Presenting my custom Ghost Theme
I recently built a custom Ghost theme for this site called Kiwi. It started as a fork of Ghost's official Dawn theme, borrowed some ideas from Taste, and then grew into something of its own. Here's what changed and why.
The source is on GitHub: lor-enz/kiwi-ghost-theme
The base: Dawn + Taste
Dawn is Ghost's clean, minimal publication theme. It has solid bones — good typography, a sensible layout system, a featured posts carousel — but it's built around a publication rather than a personal site. The hero section shows your site description and Subscribe/Login buttons.
Taste is Ghost's recipe-oriented theme. It takes a different approach to the hero: it shows a Title and short description front and center.
Kiwi keeps Dawn's HTML structure and layout system but replaces the hero content with Taste's personal-site philosophy. I added outgoing links to GitHub and LinkedIn as Chips making the theme more portfolio oriented. The content is dynamic and uses Ghost's admin UI to set hero_name, hero_tagline, github_url andlinkedin_url
Particles
The most visible addition is an animated particle background in the hero section, built with particles.js. Dots float slowly across the background and scatter away from your cursor or finger (repulse mode).
A few things made this trickier than expected:
Color in dark mode. The particle color is read at runtime to match the theme. The obvious approach — a CSS custom property — ran into a subtle bug: cssnano (the CSS minifier in the build pipeline) converts #c0c0c0 to the named color silver. particles.js only parses hex strings, so hexToRgb("silver") returns null and particles silently fail to render. The fix was to skip CSS variables entirely and detect dark mode directly in JavaScript.
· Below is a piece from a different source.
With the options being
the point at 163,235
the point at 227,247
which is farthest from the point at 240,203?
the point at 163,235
Touch and z-index. The canvas sits at z-index: 0 behind the hero content. That means touch events on the name, tagline, or social chips never reach the canvas — the overlay intercepts them. The fix was to attach all pointer listeners (mouse and touch) to the .cover wrapper instead, then manually push coordinates into particles.js's internal state.
Featured post cards
The featured posts section on the home page got a card treatment: a subtle border (matching the style of the social chip buttons), slightly rounded corners, a hover effect, and equal-height cards across a row regardless of title length. The equal height is handled with flexbox on the owl carousel's stage element.
Feature images
On the post page, feature images now use object-fit: contain instead of cover — meaning the full image is always visible without cropping, which matters a lot for PNGs and diagrams. The width was also narrowed from kg-width-wide (extending beyond the text column) to match the text width exactly.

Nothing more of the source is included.